How have you kept track of your 2024 days – on a frig calendar, on your phone or ipad, or like me in a day -by -day diary or journal?
My 2024 diary was quite handsome, not very big, with a cover that is reminiscent of a medieval manuscript and a toning marker ribbon, as well as a dinky little fold in the back cover just right for storing reminder cards for the doctor, my current hairdresser, the car mechanic and other essential services.
The dates and times, the names, the abbreviations in my diary, are shorthand for the stories they hold. 11am coffee with Teresa was way more than coffee. It was a safe place to talk about the concerns we have for our adult children. Chiropractic appointments eased my arthritic joints and wriggly spine, reminding me of God’s physical healing in another’s hands. There are due dates for bills, wrapped in a silent prayer of gratitude that there is enough money to cover whatever is owing. A cryptic single word, Sydney, spoke of a long-anticipated trip that didn’t live up to expectations. It was like Emmaus all over again, “I had hoped, but . . . “ The older I get the more often those words could fill in the spaces in my diary.

Words from the Edge is 7 years old now. During those years I have dared to write about everyday things, to explore them at a deeper level, to move into their heart. As the only experience I can talk about with any validity is my own, I write as a woman, an Australian, a parent, a lay person and a Catholic.
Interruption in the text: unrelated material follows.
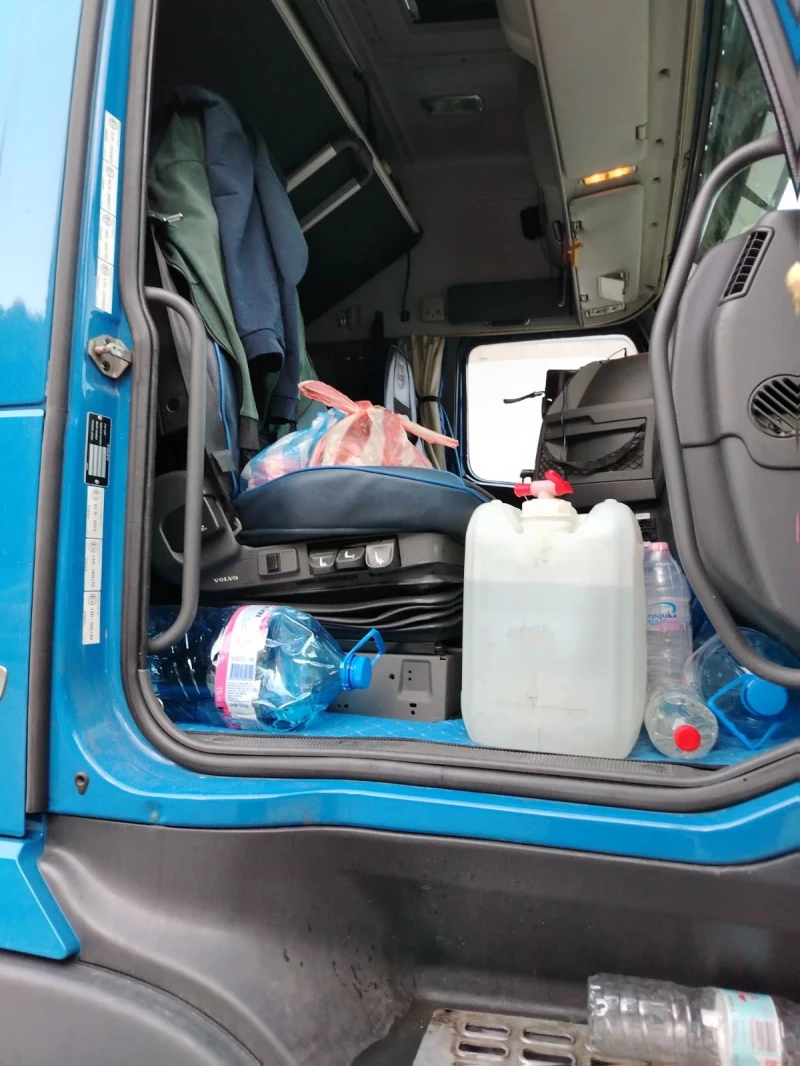 Volvo Fh, снимка 7 - Камиони - 53381561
I want my readers to recognise something of their own story, to glimpse the God-speak it holds.
There’s an old story that goes like this; A God searcher said to a wise man, “I have travelled a great distance to listen to the Master but I find his words quite ordinary.” And the wise man (or was it a woman) said, ”Don’t listen to his words. Listen to his essage.” Maybe you are asking the same question. “How does one do that?” the response was, “Take hold of a sentence that he says. Shake it well till all the words drop off. What is left will set your heart on fire.”
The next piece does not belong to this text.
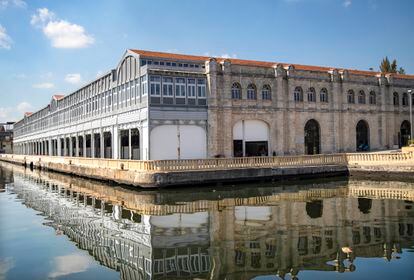 Facade of the Azúcar San José warehouses, converted into a craft sales center, on February 21 in Havana.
Now it might be a while since you read the Bible or heard a Jesus story. Every few weeks this year Words from the Edge 2025 will revisit a few words or a nearly forgotten story from the New Testament, looking at it from the perspective of what’s happening in our everyday life and the wider world, right now. If your Scripture memory dates back to school days, you might get a surprise at how relevant Jesus can be in 2025.

As 2024 comes to an end I want to say thank you to all who have read my words this year, passed them on to others and agreed with, or sometimes questioned them. I greatly appreciate your responses.
Like you, my year has had its share of joys and woes, challenges and unforgettable bits, and for all of it I say, “Thank you God.”
As 2025 unfolds may the mystery that is God enfold you,
the wisdom of God touch into your own,
the wonder that is God be always at your fingertips
and the love of God flow through the ordinary of your days.